Floyd Perry Baker (November 16, 1820 – 1909) was a lawyer, land speculator, politician, government official, farmer, blacksmith, teacher, and newspaper editor well known for his activities as an early resident and community leader in Kansas from the 1860s until his death in 1909.
Baker was born at Fort Ann in Washington County, New York to Lois Comfort Chaffee Baxter, age 29, and Reuben Baker Jr., age 36. Because his father, Reuben, was a district school teacher on a modest salary while supporting a wife and eleven children, Floyd was sent to live with a neighboring farmer from the age of eight until he was eighteen.
In 1838, at the age of eighteen, Baker taught school for six months in Hamburg, New York. In the spring of 1839 he set up a blacksmith shop in Hillsdale, Michigan, located on Chicago Road. He pursued that profession for one year then moved to Troy, New York, at which he owned an agency for packet boats on the Champlain Canal and a winter stage line between Albany and Whitehall, New York. He operated these businesses for seven years.

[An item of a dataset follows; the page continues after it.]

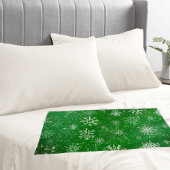 White Snowflakes Emerald Green Kissenbezug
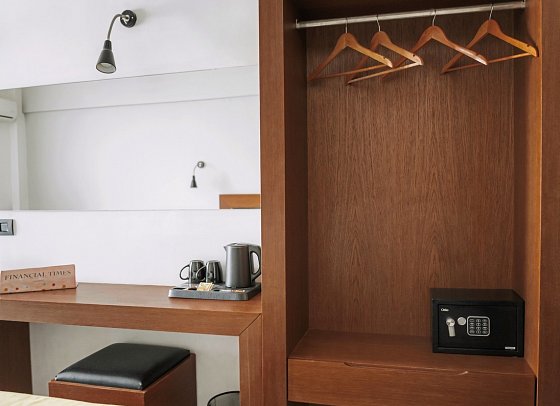Amphitryon City Hotel - Wohnbeispiel Doppelzimmer Landblick (Zimmercodierungen DBL, TBL & FBL)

On February 14, 1844, Baker married Eliza Folger Wilson in Amsterdam, New York. In 1847, Eliza gave birth to their son, Floyd Perry Baker, Jr., in Troy, New York
About 1847, Baker entered into a contract to build two miles of the Hudson River Railroad near what was to become Irvington, New York. The venture bankrupted him.
In 1848, Baker relocated his family to Racine, Wisconsin where he studied law and was admitted to the bar. He also farmed and ran an insurance business. In the summer of 1849, while still living in Racine, Baker's wife, Eliza died. Nearly two years later, in the spring of 1851, Baker was remarried to Orinda Searle. (Conflicting with this is the 1850 U.S. Census, taken on June 1, 1850, listing Floyd and Orinda Baker living in the same household.)